◆ **EXERCISE INSTRUCTIONS**:
Starting at the line with "Painting Spiral Notebook", copy each line through the last one below exactly as written, without any pictures.

◆ **DATA FOR ANALYSIS**:

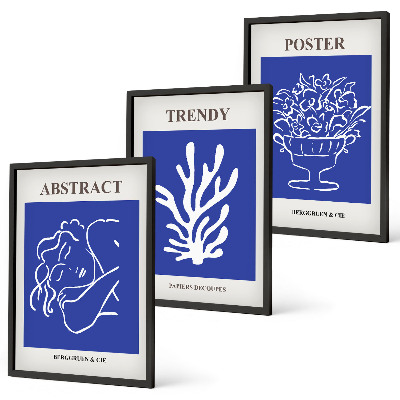 Set tablouri decorative Postere albastre elegante
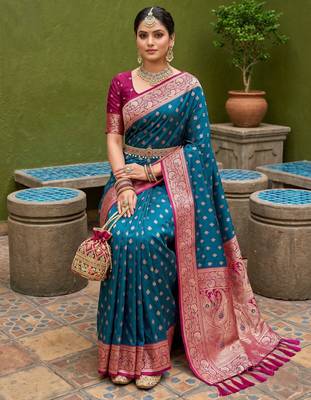 Teal blue soft banarasi silk blend saree with zari weaving meenakari design 3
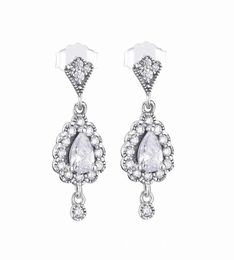 2018 Winter New Collection 925 Sterling Silver Tear Drop Dangle Earrings with Clear CZ Fits European P Style Jewellery Fashion Earrings6688670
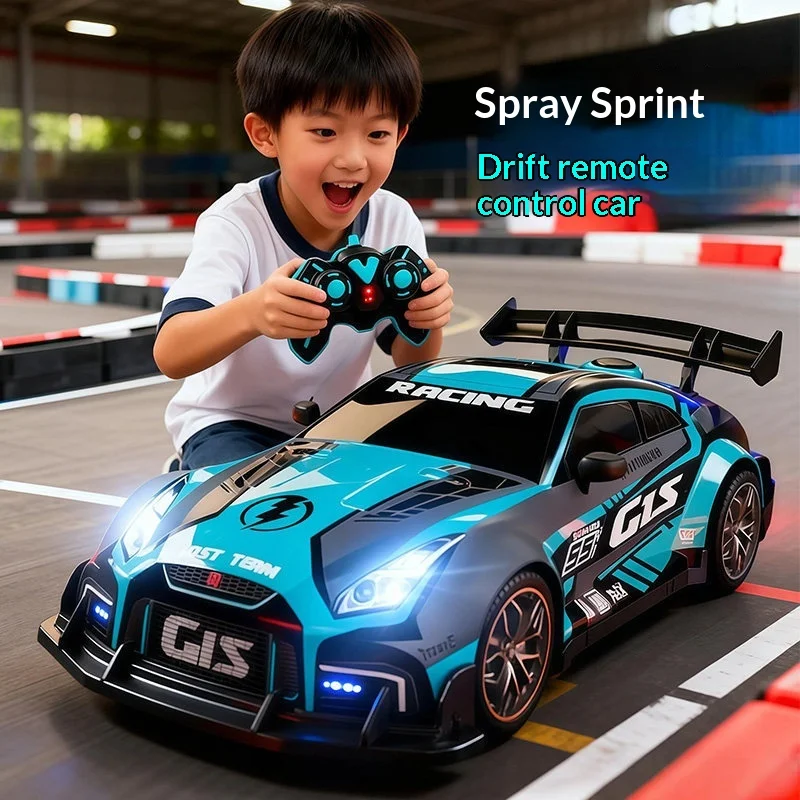 

GIS RC Drift Racing Car High Speed Rechargeable Spray Toy Sports Vehicle Model For Boys Kids Competition Special Use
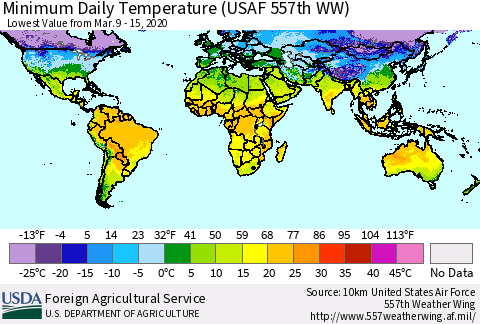 World Minimum Daily Temperature (USAF 557th WW) Thematic Map For 3/9/2020 - 3/15/2020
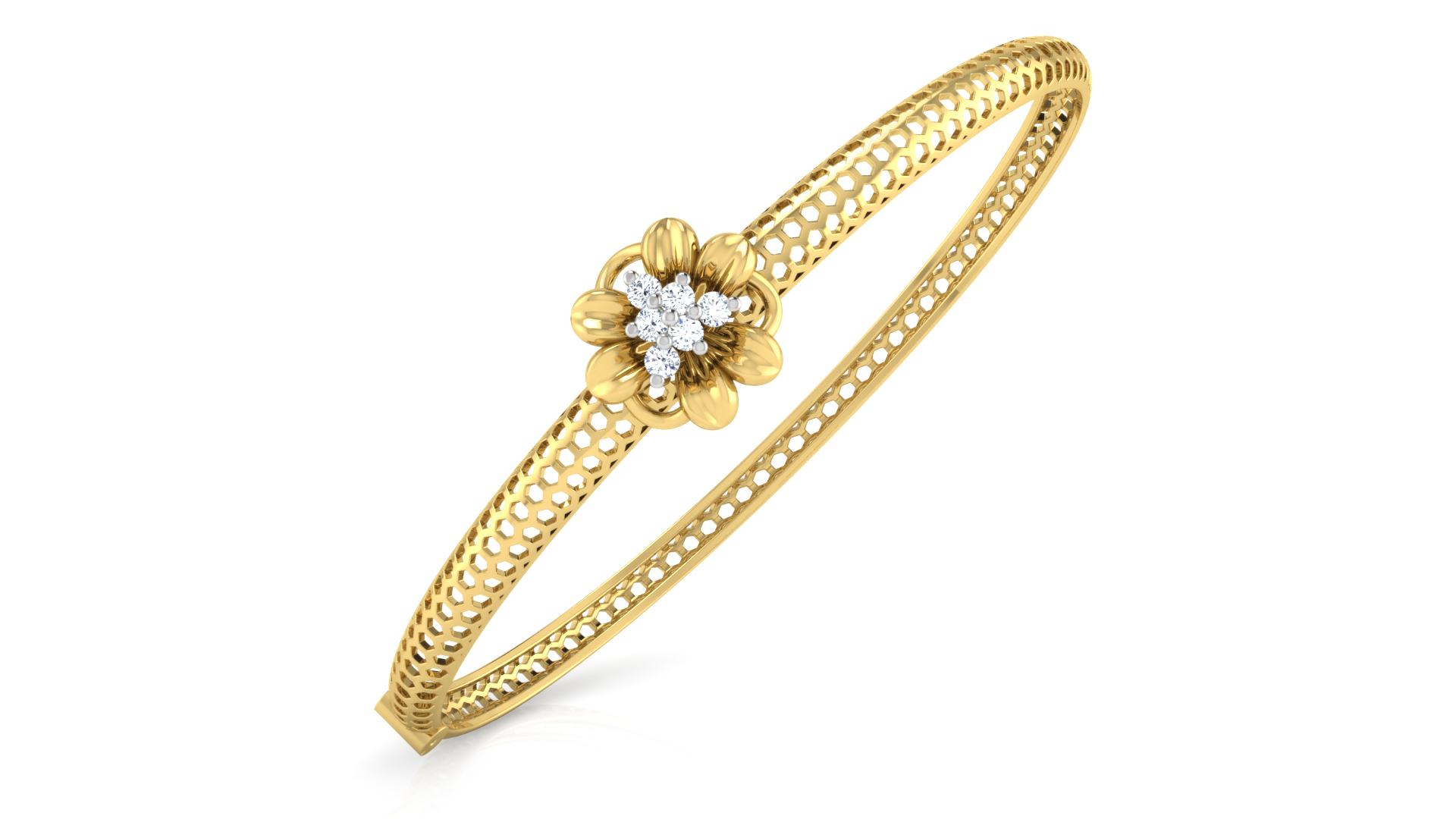Designer Trendy 18k Gold Kada Bracelet for Girls and Women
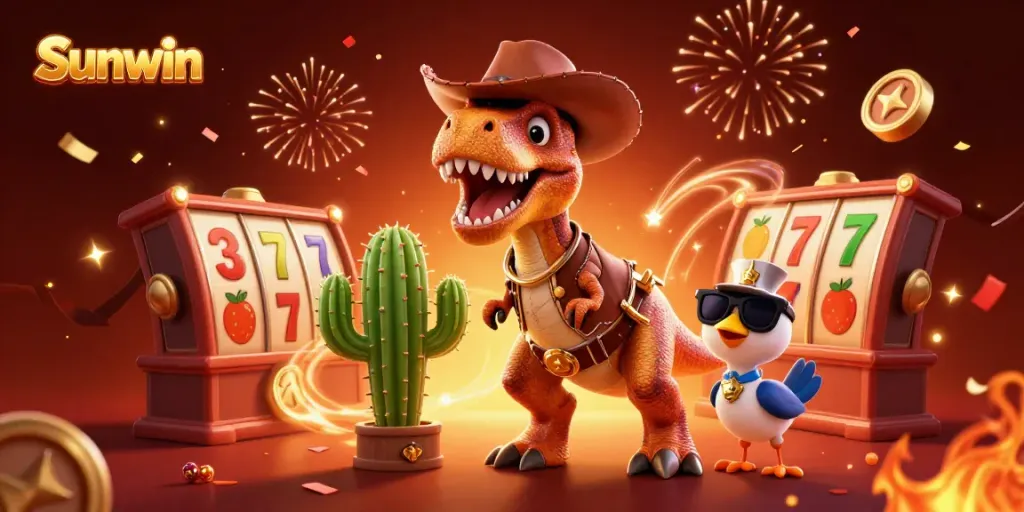 Experience the thrilling Sunwin casino adventure with vibrant characters and dynamic slot game elements.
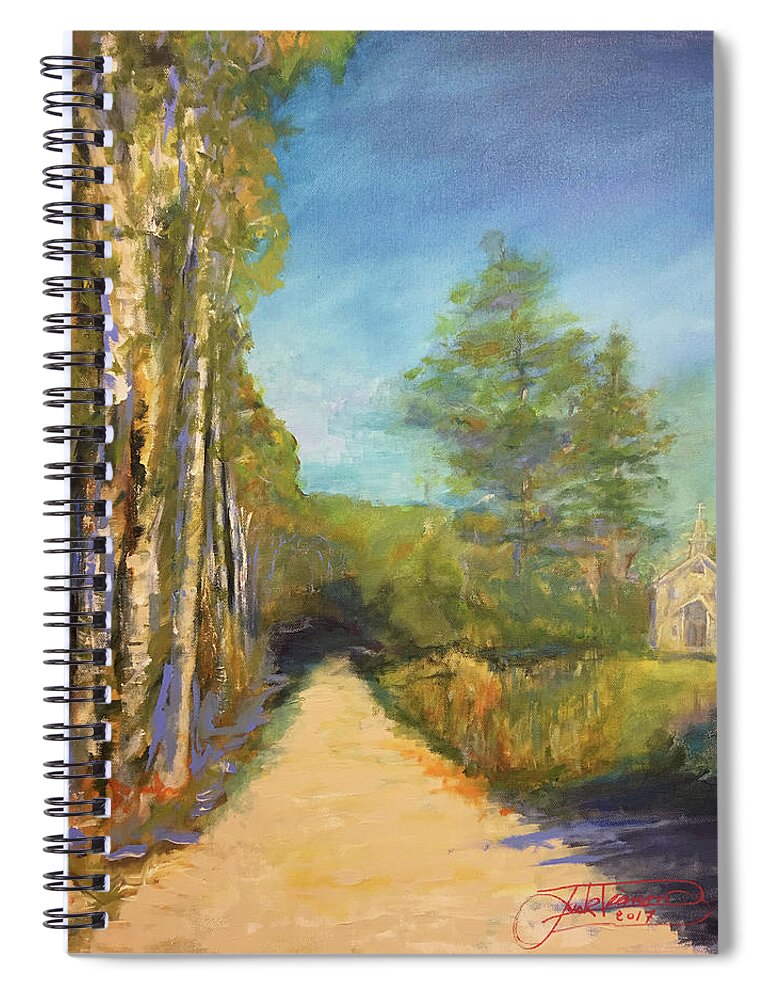 Painting Spiral Notebook featuring the painting Old Country Church by Jack Diamond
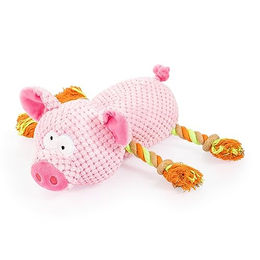 Edupet 06016AA Hundespielzeug Schwein Design mit Tau und Quietschfunktion in Rosa – Bild 1 von 5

◆ **SOLUTION FOR THIS PROBLEM**:
 Painting Spiral Notebook featuring the painting Old Country Church by Jack Diamond
 Edupet 06016AA Hundespielzeug Schwein Design mit Tau und Quietschfunktion in Rosa – Bild 1 von 5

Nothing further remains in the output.